Required work: Every line from the one with "NEWS - Protestmarsch" to the one with "Jorge junto a", including those two, is to be copied exactly; all other lines of the entries below are left out.

━━━━━ Task data ━━━━━

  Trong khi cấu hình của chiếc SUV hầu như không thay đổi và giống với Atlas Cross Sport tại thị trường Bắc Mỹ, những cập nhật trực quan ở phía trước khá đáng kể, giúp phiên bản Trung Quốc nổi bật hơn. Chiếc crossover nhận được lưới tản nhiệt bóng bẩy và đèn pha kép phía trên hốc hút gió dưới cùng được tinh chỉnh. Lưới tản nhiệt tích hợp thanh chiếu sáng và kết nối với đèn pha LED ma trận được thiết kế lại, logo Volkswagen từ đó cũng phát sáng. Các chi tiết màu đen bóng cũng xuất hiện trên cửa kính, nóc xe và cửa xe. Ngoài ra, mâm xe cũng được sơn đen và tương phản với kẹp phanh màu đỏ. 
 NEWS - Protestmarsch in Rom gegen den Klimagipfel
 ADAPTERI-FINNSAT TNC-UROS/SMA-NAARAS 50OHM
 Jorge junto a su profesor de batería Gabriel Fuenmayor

━━━━━
━━━━━ Task data ━━━━━

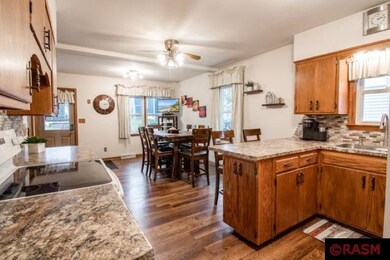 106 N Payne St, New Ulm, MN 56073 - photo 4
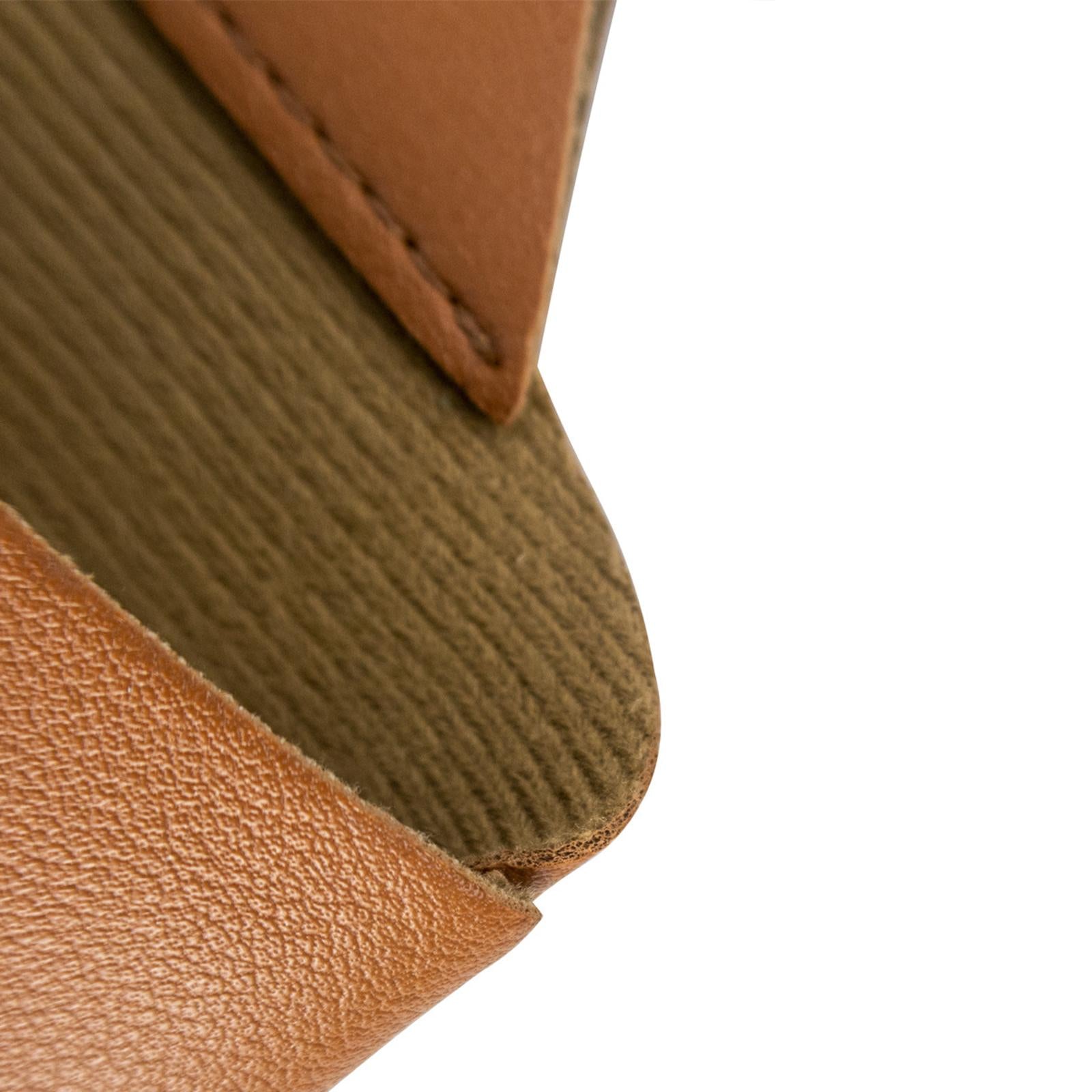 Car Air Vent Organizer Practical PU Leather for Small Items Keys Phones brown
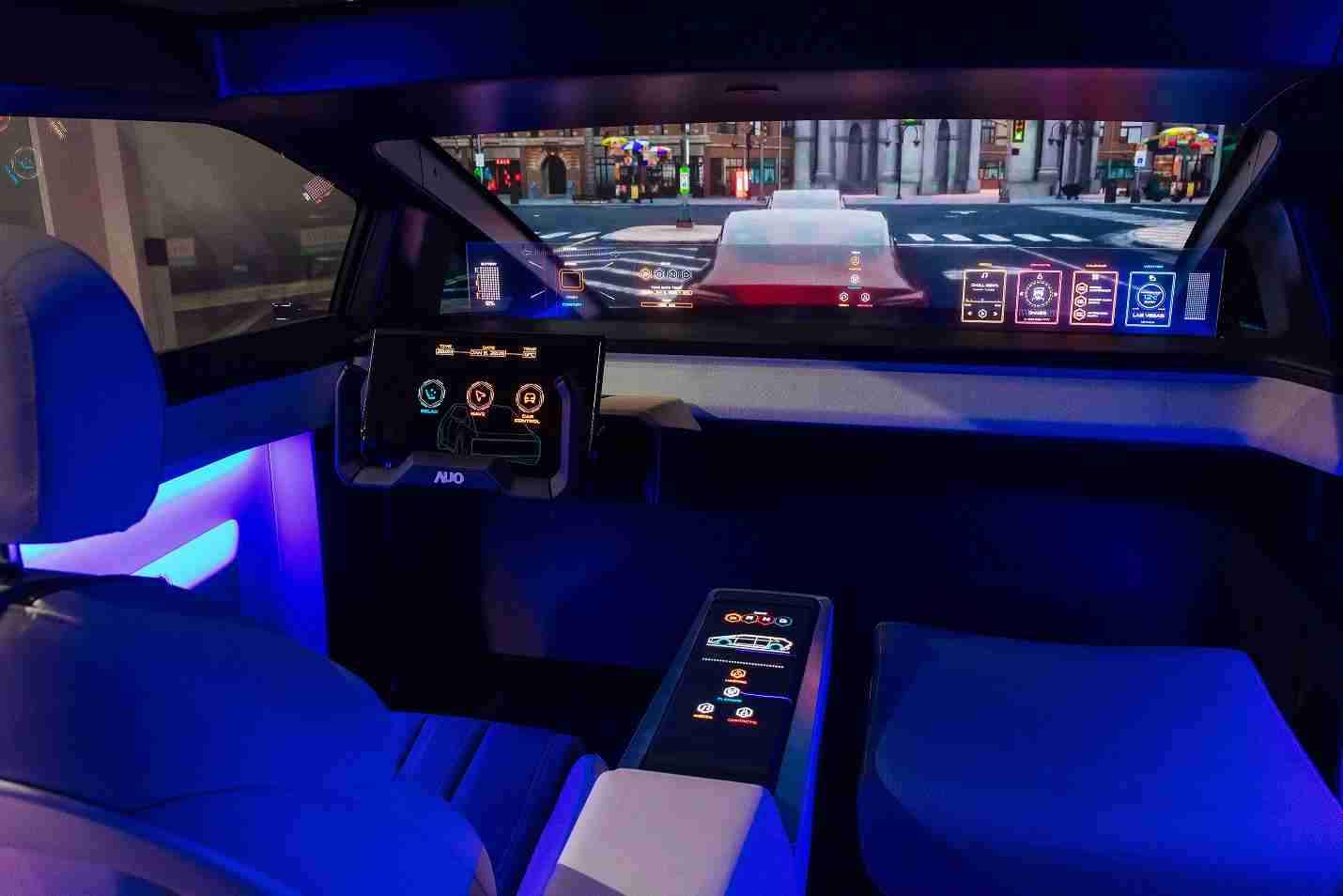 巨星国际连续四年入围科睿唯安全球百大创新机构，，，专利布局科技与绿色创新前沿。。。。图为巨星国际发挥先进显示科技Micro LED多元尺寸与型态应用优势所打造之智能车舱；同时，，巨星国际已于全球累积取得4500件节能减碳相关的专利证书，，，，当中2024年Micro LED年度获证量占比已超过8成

━━━━━
━━━━━ Task data ━━━━━

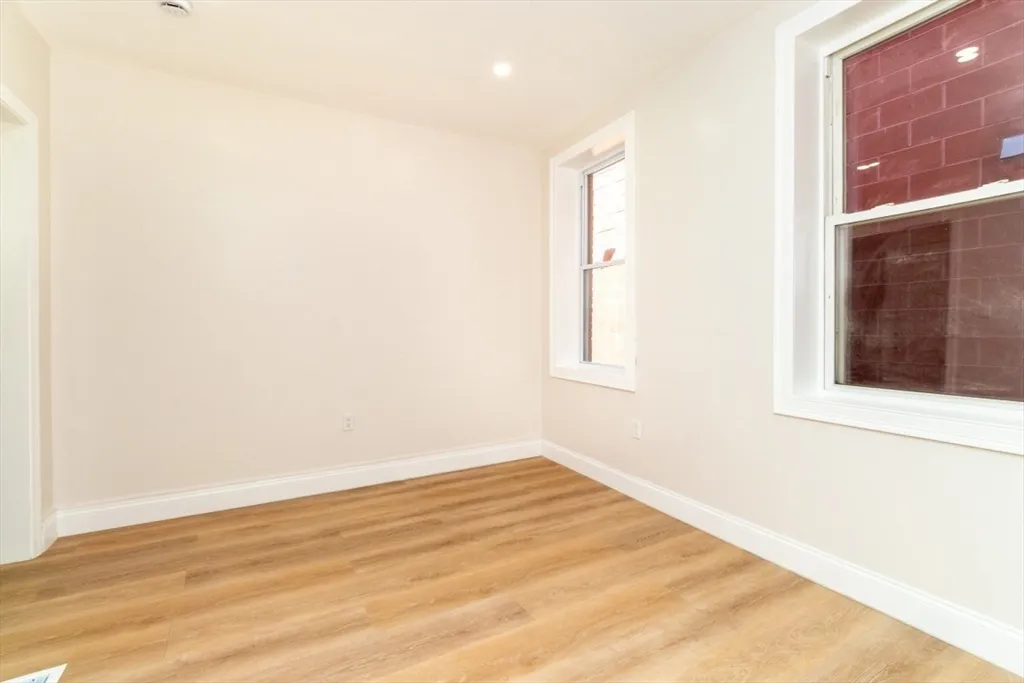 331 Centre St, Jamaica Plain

━━━━━

Response for this exercise:
 NEWS - Protestmarsch in Rom gegen den Klimagipfel
 ADAPTERI-FINNSAT TNC-UROS/SMA-NAARAS 50OHM
 Jorge junto a su profesor de batería Gabriel Fuenmayor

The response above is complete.